配列の分割 - 2023.2 日本語

Vitis 高位合成ユーザー ガイド (UG1399)

Document ID
UG1399
Release Date
2023-12-18
Version
2023.2 日本語

配列は、ブロックまたは個々の要素に分割できます。Vitis HLS で配列が個々の要素に分割されることもあります。これは、自動分割のコンフィギュレーション設定を使用すると指定できます。配列が複数のブロックに分割されると、1 つの配列は複数の RTL RAM ブロックとしてインプリメントされます。個々の要素に分割される場合、各要素は RTL でレジスタとしてインプリメントされます。どちらの場合も、分割によりさらに多くの要素に並列アクセスできるようになり、パフォーマンスが向上します。デザインのトレードオフは、パフォーマンスとそれを達成するために必要な RAM またはレジスタの数です。

関数をパイプライン処理すると、次のようなエラー メッセージが表示されることがあります。

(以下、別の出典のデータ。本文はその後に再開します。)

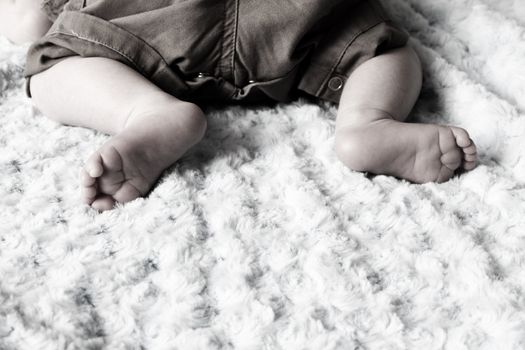 Newborn baby feet on a soft blanket
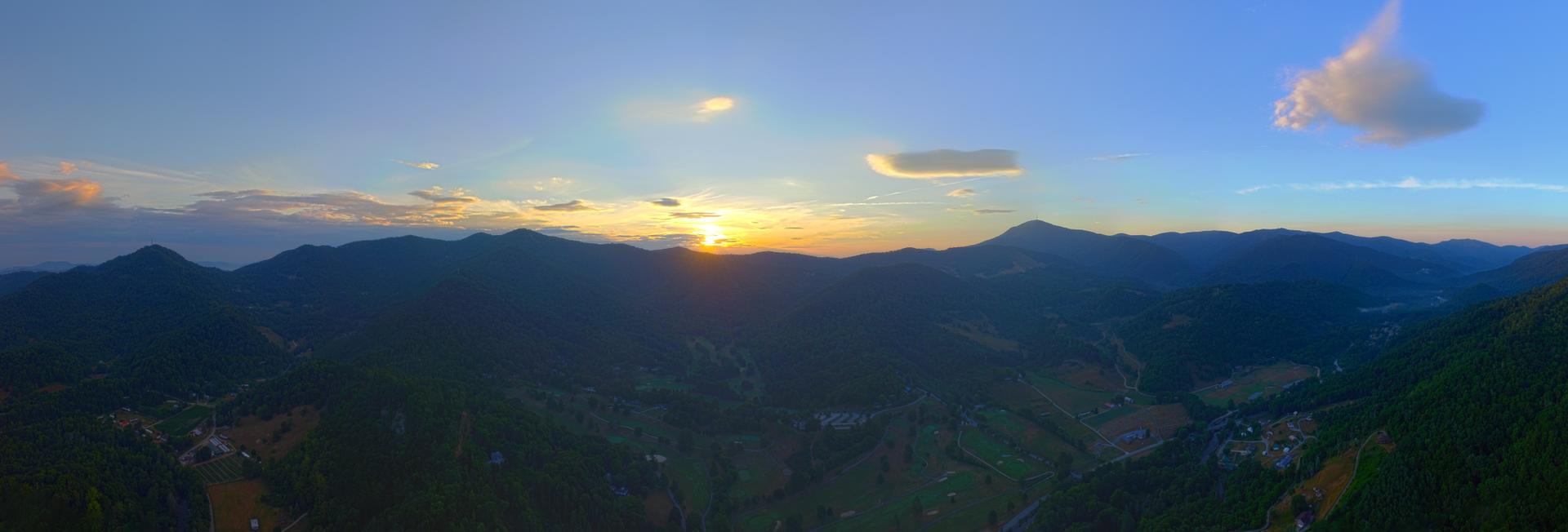 Panoramic sunset over dark, distant mountains and a valley.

INFO: [SCHED 204-61] Pipelining loop 'SUM_LOOP'.
WARNING: [SCHED 204-69] Unable to schedule 'load' operation ('mem_load_2', 
bottleneck.c:62) on array 'mem' due to limited memory ports.
WARNING: [SCHED 204-69] The resource limit of core:RAM:mem:p0 is 1, current 
assignments: 
WARNING: [SCHED 204-69]     'load' operation ('mem_load', bottleneck.c:62) on array 
'mem',
WARNING: [SCHED 204-69] The resource limit of core:RAM:mem:p1 is 1, current 
assignments: 
WARNING: [SCHED 204-69]     'load' operation ('mem_load_1', bottleneck.c:62) on array 
'mem',
INFO: [SCHED 204-61] Pipelining result: Target II: 1, Final II: 2, Depth: 3.

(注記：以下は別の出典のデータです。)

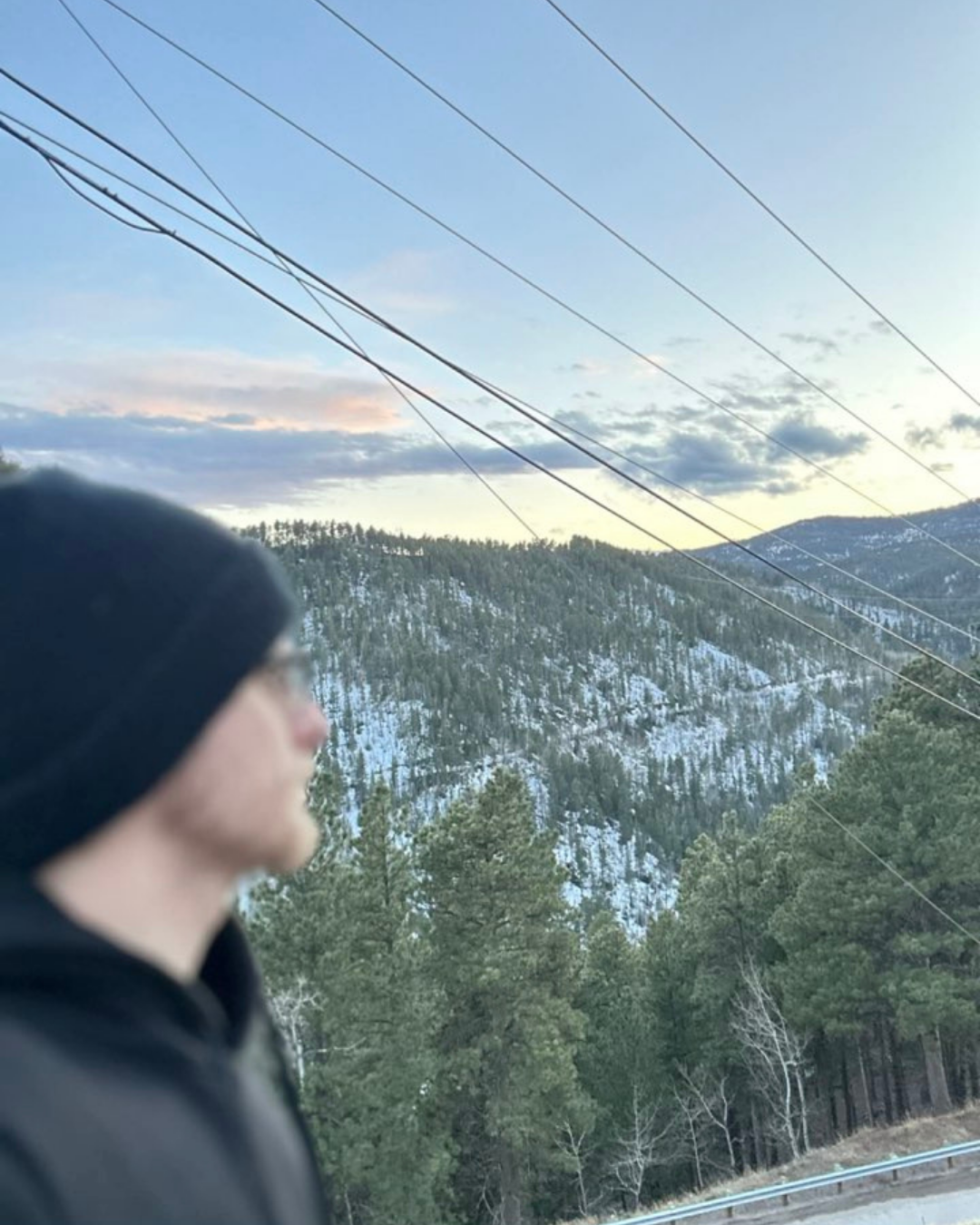 A blurry person wearing a black hoodie and black hat in the foreground, with a mountain landscape, pine trees, snow patches on the mountain, and power lines in the background during late afternoon or early evening.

上記の Vitis HLS のメッセージは、メモリ ポートが限られているため、メモリへの load (読み込み) 操作 (mem_load_2) をスケジューリングできず、指定された開始間隔 (II) 1 を達成できないことを示しています。「The resource limit for core:RAM:mem:p0 is 1」と記述されているように core:RAM:mem:p0 のリソース制限は 1 で、62 行目の mem_load 演算で使用されてしまっています。ブロック RAM の 2 つ目のポートにもリソースが 1 つしかなく、これも mem_load_1 演算で使用されています。Vitis HLS は、このメモリ ポートの競合により、最終的な II が指定した 1 ではなく 2 になったことをレポートします。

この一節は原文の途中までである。